# Imagens de Satélite cinzentas ?



## Iceberg (23 Dez 2006 às 09:22)

Façam o favor de visitar o site do IM e visualizarem as imagens de satélite de, por exemplo, 08h00 de hoje.

Porquê toda aquela cor cinzenta na Península, em França, na Europa !?

Podia ser nevoeiro ou apenas o contraste térmico, ou alguma questão técnica que agora me escapa ...  

Imaginemos que hoje de manhã estava nevoeiro em Trás-os-Montes.
Através daquelas imagens eu não conseguiria diferenciar o nevoeiro do céu limpo, mais parece haver nevoeiro em toda o país, e então aquele recorte da costa francesa dá para ver que é alguma questão técnica, que possa ter a ver com as imagens nocturnas e diurnas ...

Alguém é capaz de explicar?


----------



## Minho (23 Dez 2006 às 13:45)

iceberg disse:


> Façam o favor de visitar o site do IM e visualizarem as imagens de satélite de, por exemplo, 08h00 de hoje.
> 
> Porquê toda aquela cor cinzenta na Península, em França, na Europa !?
> 
> ...



É nevoeiro sim, só que ele torna-se visível á medida que o dia avança,porque a terra que não tem nevoeiro aquece mais do que aquela onde está nevoeiro. Entretanto também há nevoeiro que se vai dissipando... Acho eu que é isso que se passa...


----------



## Mago (23 Dez 2006 às 14:04)

bem estou levantado hoje desde manhã cedoenão vi nevoeiro por aqui... deve ser aquela massa de humida densa que nao se ve bem a olho nu mas o infra-vermelho do satélite consegue captar...penso eu de que....


----------



## kimcarvalho (23 Dez 2006 às 18:04)

Ora nem mais, é precisamente isso, Humidade que é visivel aos IR do satélite.É muito frequente em noites anticiclónicas.


----------



## Minho (23 Dez 2006 às 18:51)

Sinceramente nunca vi humidade visível no IR (entenda-se vapor de água)...  

De facto enganei-me ao dizer que era nevoeiro. São antes estratos e claro que em alguns sítio nevoeiro que neste caso não são mais que estratos ao nível do solo...

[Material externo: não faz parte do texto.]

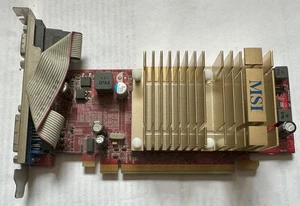 MSI ATI Radeon HD 4350 512MB DDR2 PCIe x16 Graphics Card P/N:R4350-MD512H Tested - Picture 1 of 5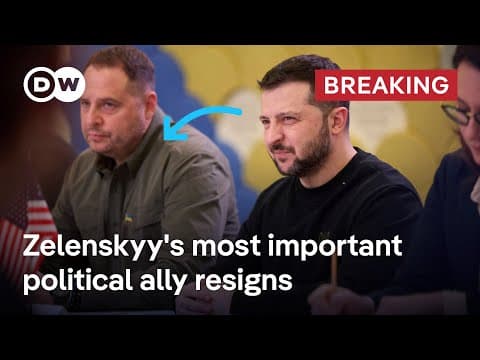 Zelenskyy's chief-of-staff Andrii Yermak resigns | DW News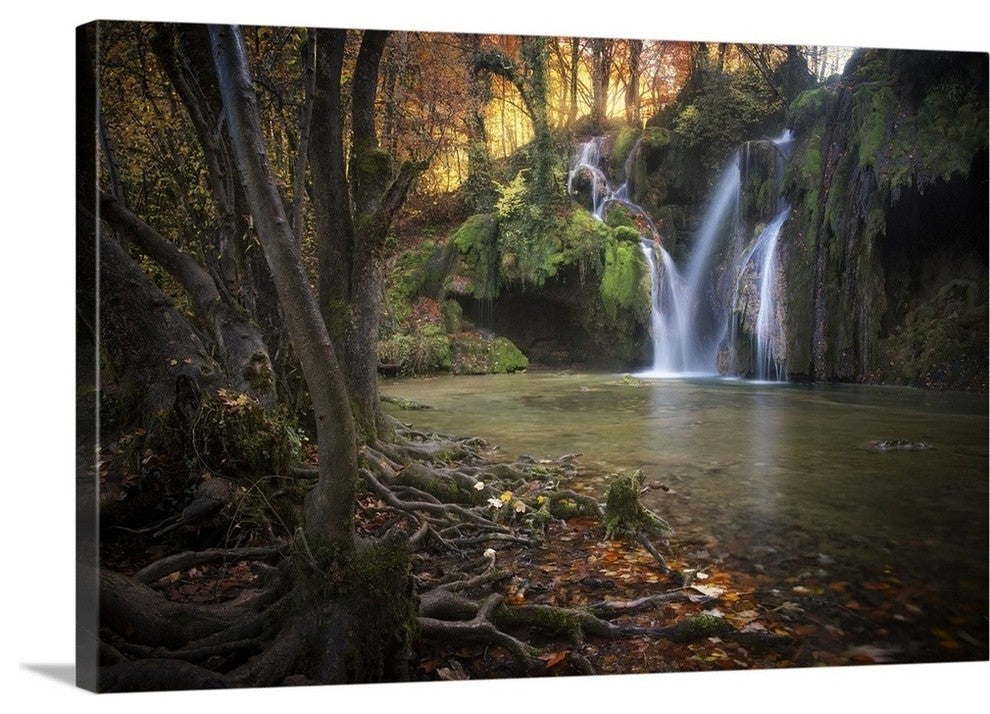 "Cascade des Tufs" Wrapped Canvas Art Print, 48"x32"x1.5"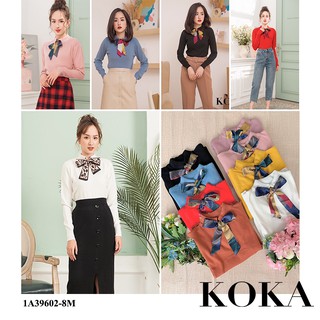 Áo len nơ lụa koka 39602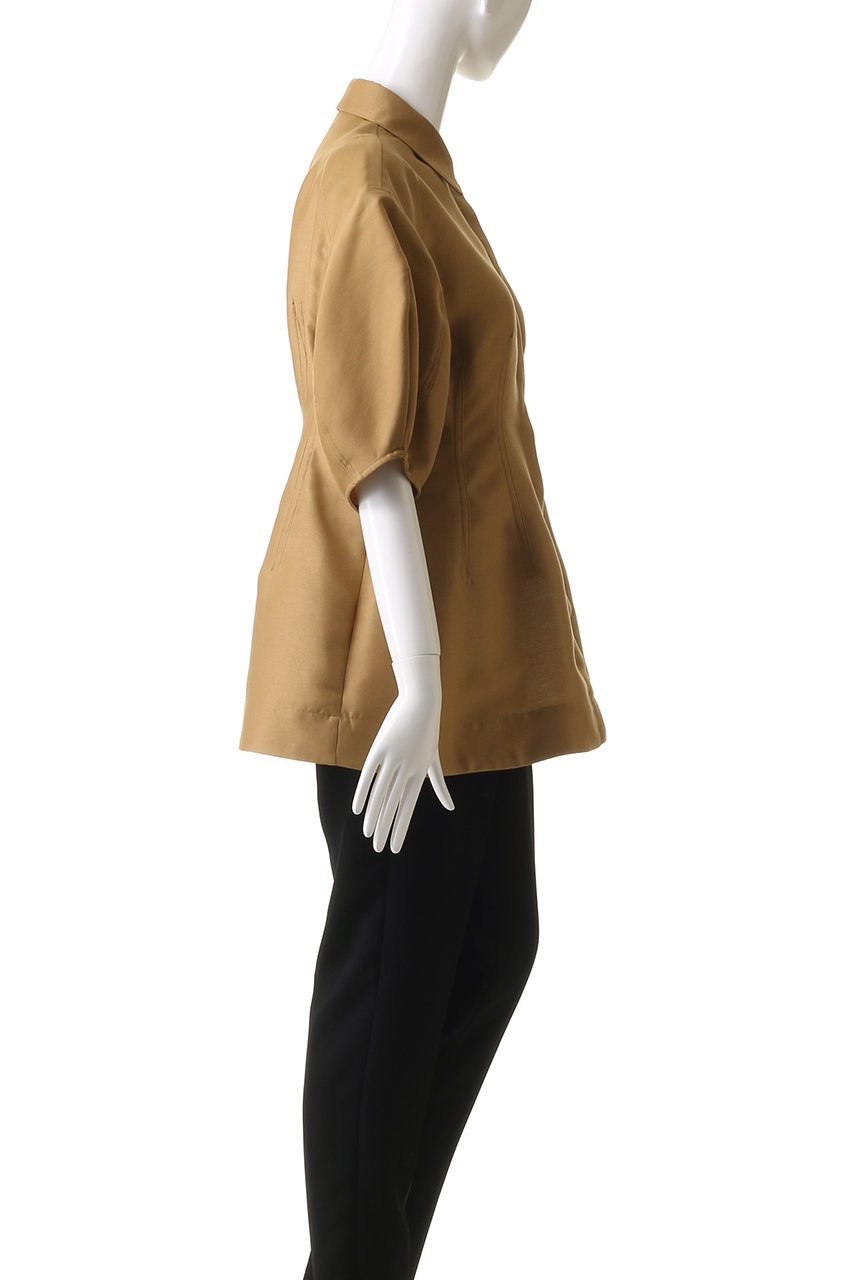 CLANE(クラネ)｜WAIST SHAPE PAFF SLEEVE TOPS/トップス/IVORY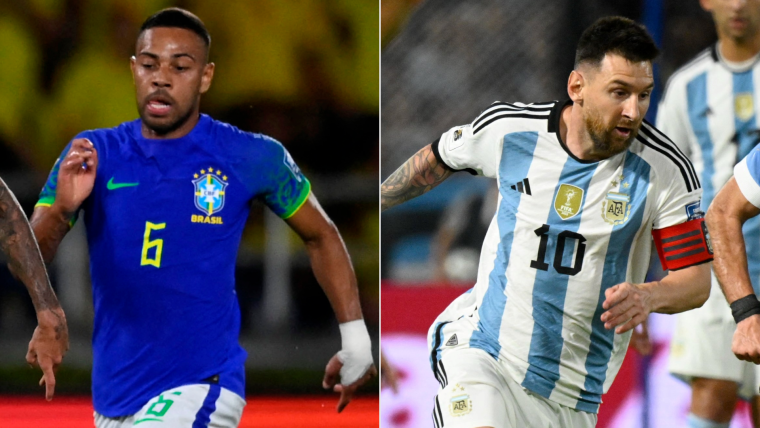 Brazil vs Argentina head to head, all-time results, record in matchups image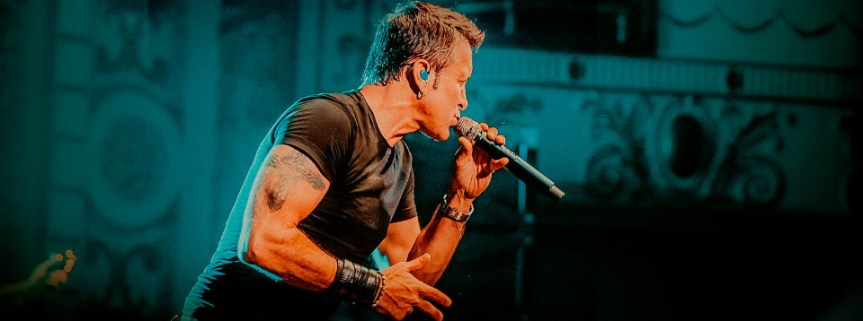 Scott Stapp: Cantor apresenta sucessos do Creed e canções solo em&nbsp;Curitiba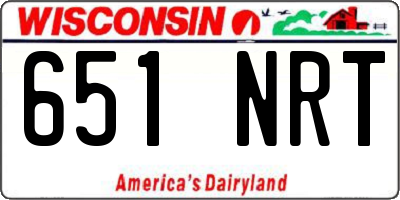 WI license plate 651NRT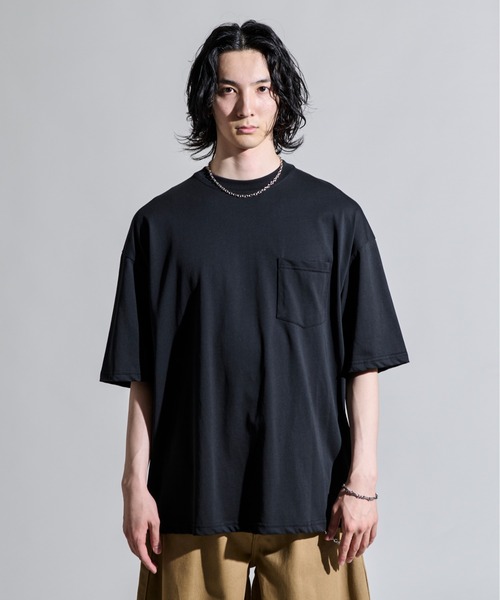 Футболка трикотажная однотонная с широким силуэтом и карманом CALIFORNIA OUTFITTERS, черный
Футболка трикотажная однотонная с широким силуэтом и карманом CALIFORNIA OUTFITTERS, черный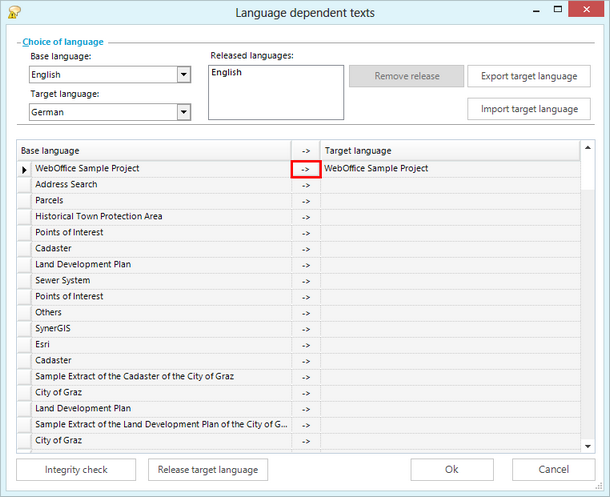 Copy values from base to target language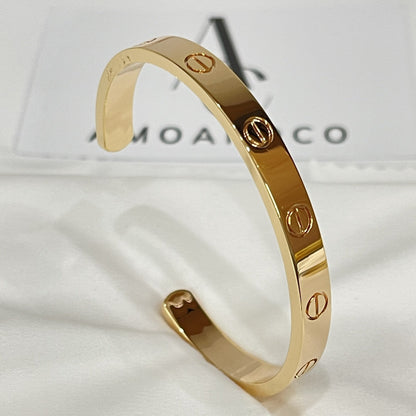 [Auream]LOVE BRACELET 6.1MM OPEN CUFF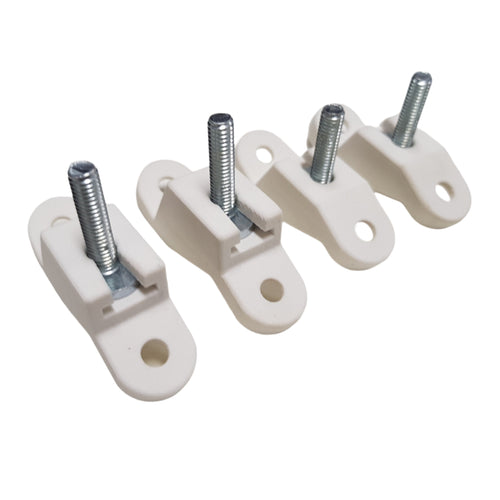 Toyota Supra JZA80 UK-Spec OEM Bonnet Vent Mounts (Black)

Pode ver-se por estas imagens que grande parte de Portugal não está afectado por essas nuvens no entanto a Espanha e em maior medida França estão...


----------



## Iceberg (25 Dez 2006 às 10:45)

kimcarvalho disse:


> Ora nem mais, é precisamente isso, Humidade que é visivel aos IR do satélite.É muito frequente em noites anticiclónicas.



Desta vez discordo do Minho e concordo contigo, Kim, deve ser precisamente isso, a Humidade visível pelo satélite, daí o contraste na costa francesa com aquele recorte tão preciso. 

Ok, assunto esclarecido! E assim crescem os nossos conhecimentos ...


----------



## dj_alex (25 Dez 2006 às 11:56)

iceberg disse:


> Desta vez discordo do Minho e concordo contigo, Kim, deve ser precisamente isso, a Humidade visível pelo satélite, daí o contraste na costa francesa com aquele recorte tão preciso.
> 
> Ok, assunto esclarecido! E assim crescem os nossos conhecimentos ...



Acho que poderá ser geada também...


----------



## rozzo (25 Dez 2006 às 13:20)

eu voto como o alex! na geada  
se nao tiver a dizer baboseira o IV distingue o que emite mais quente do mais frio (logo o mais quente seria mais claro), mas as imagens sao invertidas, logo passa a ser o que emite mais frio mais branco (p.ex nuvens altas).
dai acho que o contraste termico como nesse caso da geada (onde ha regioes com solo mt mais frio) deva ser a solucao..


----------



## dj_alex (25 Dez 2006 às 15:14)

rozzo disse:


> eu voto como o alex! na geada
> se nao tiver a dizer baboseira o IV distingue o que emite mais quente do mais frio (logo o mais quente seria mais claro), mas as imagens sao invertidas, logo passa a ser o que emite mais frio mais branco (p.ex nuvens altas).
> dai acho que o contraste termico como nesse caso da geada (onde ha regioes com solo mt mais frio) deva ser a solucao..



Bem vindo


----------